Der Mann im Bärenfell öffnete den Mund, schloß ihn aber wieder, als ein anderes Gesicht im Fenster der Zellentür erschien. Dieses Mal war es nicht der Kender. Es war das Gesicht eines Menschen, eines jungen Mannes um achtundzwanzig. Das Gesicht war wohl einst gutaussehend gewesen, aber jetzt war die kräftige Kieferlinie von Fett verwischt, die braunen Augen waren glanzlos, das lockige Haar verfilzt.
»Wie geht es Crysania?« fragte Caramon.
Der Mann im Bärenfell blinzelte verwirrt.
»Crysania. Man brachte sie in den Tempel«, wiederholte Caramon.
Der Gefängniswärter stieß den Mann im Bärenfell in den Rücken. »Du weißt doch – die Frau, die er zusammengeschlagen hat.«
»Ich habe sie nicht angerührt«, sagte Caramon ruhig. »Nun, wie geht es ihr?«
»Das ist nicht deine Angelegenheit«, sagte der Mann im Bärenfell, der sich plötzlich daran erinnerte, wie spät es war. »Bist du ein Schlosser? Der Kender sagte etwas, daß du in der Lage wärst, die Tür zu öffnen.«
»Ich bin kein Schlosser«, sagte Caramon, »aber vielleicht kann ich sie öffnen.« Seine Augen gingen zum Gefängniswärter. »Wenn es dich nicht stört, daß sie dabei kaputt geht?«
»Das Schloß ist schon kaputt!« sagte der Gefängniswärter mit schriller Stimme. »Willst du die Tür aufbrechen?«
»Genau das habe ich vor«, erwiderte Caramon kühl.

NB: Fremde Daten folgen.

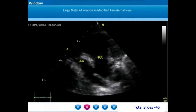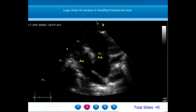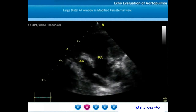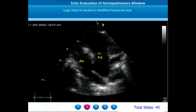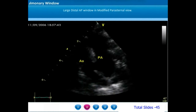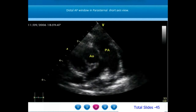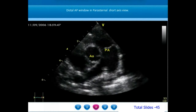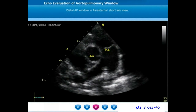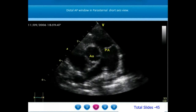We demonstrate another large distal AP window on a modified parasternal short axis view. We can notice the ascending aorta, the main pulmonary artery, and a large aortopulmonary window extending distally up to the pulmonary artery bifurcation. On parasternal short axis view, we appreciate the pulmonary artery bifurcating into the right and left pulmonary artery, and immediately adjacent to the right pulmonary artery origin, we can notice a defect in the aortopulmonary septum — this is a large distal AP window.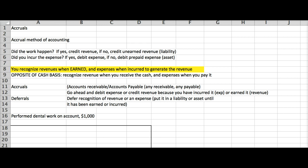All right, so this is all the opposite of cash basis, which would be more simplified. It would be credit revenue when you get money, debit expense when you pay money. That would be the cash basis. But that is not allowed for GAAP purposes, so we will be doing the accrual basis of accounting. Because we're doing the accrual basis, we will need to make adjusting journal entries.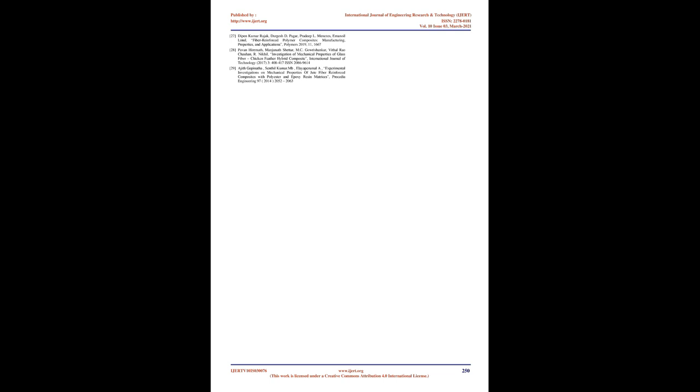These were determined in the investigation of mechanical properties of glass fiber chicken feather hybrid composite. In the experimental investigations on mechanical properties of jute fiber reinforced composites with polyester and epoxy resin matrices, it was found that jute epoxy and jute polyester composites had tensile strengths of 12.46 N-MM2 and 9.23 N-MM2, respectively.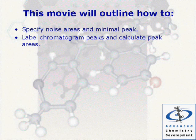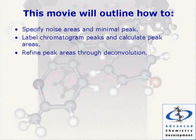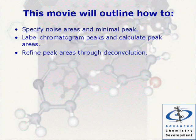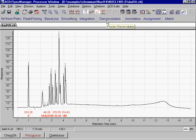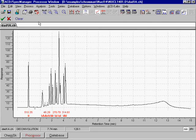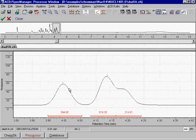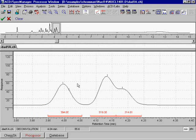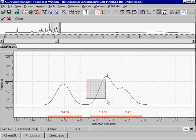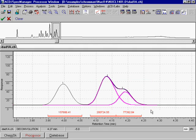Refine peak areas through deconvolution. In addition to standard peak picking and integration tools, ACD Chrome Processor has an accurate deconvolution tool for partially co-eluting peaks. Now the peak areas are more accurately defined.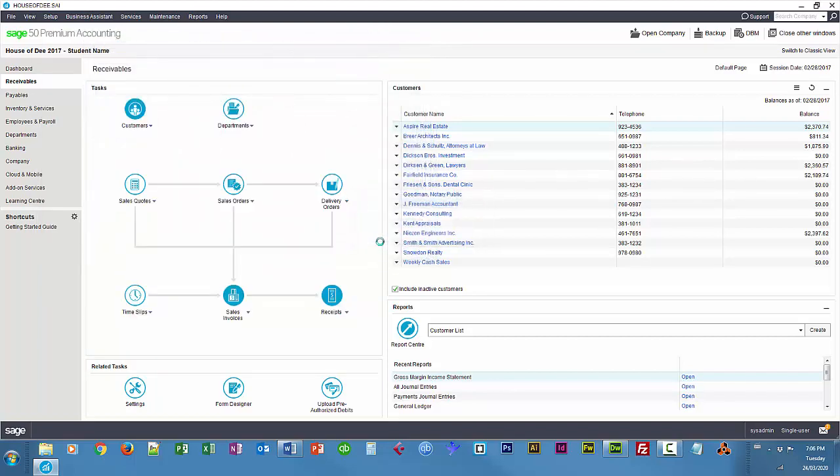So now that we've created those custom deductions, we have to create some vendors that we remit the amounts that we deduct to. We also have to create some payable accounts that will hold the amounts that we deduct. Then we have to link all of those together so that when we create a paycheck, the amounts are automatically put in those payable accounts, when we remit, they're automatically taken out.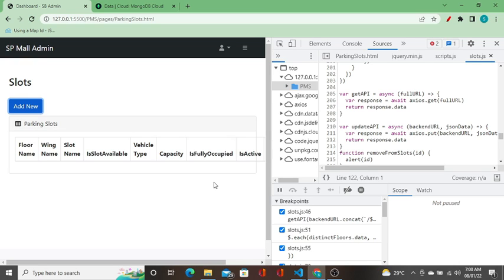We are already in a slots code. I will explain the functions in this video. Instead of VS Code, I am going to show the code execution in the browser, so it will be comfortable.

Der Mann im Bärenfell hatte einen Blick auf Caramons Schultern und Stiernacken erhascht. »Laß uns das mal ansehen. Wenn es ihm gelingt, komme ich für den Schaden auf.«
»Darauf kannst du wetten!« plapperte der Gefängniswärter. Der Mann im Bärenfell sah ihn aus den Augenwinkeln an, und der Gefängniswärter verfiel in Schweigen.
Caramon schloß die Augen und holte einige Male tief Luft, die er langsam wieder ausatmete. Der Mann im Bärenfell und der Gefängniswärter traten von der Tür zurück. Caramon verschwand. Sie hörten ein Grunzen und dann einen gewaltigen Schlag, der die Holztür traf. Sie erzitterte in ihren Angeln, sogar die Steinwände schienen zu erbeben. Aber die Tür hielt. Der Gefängniswärter trat mit offenem Mund einen weiteren Schritt zurück.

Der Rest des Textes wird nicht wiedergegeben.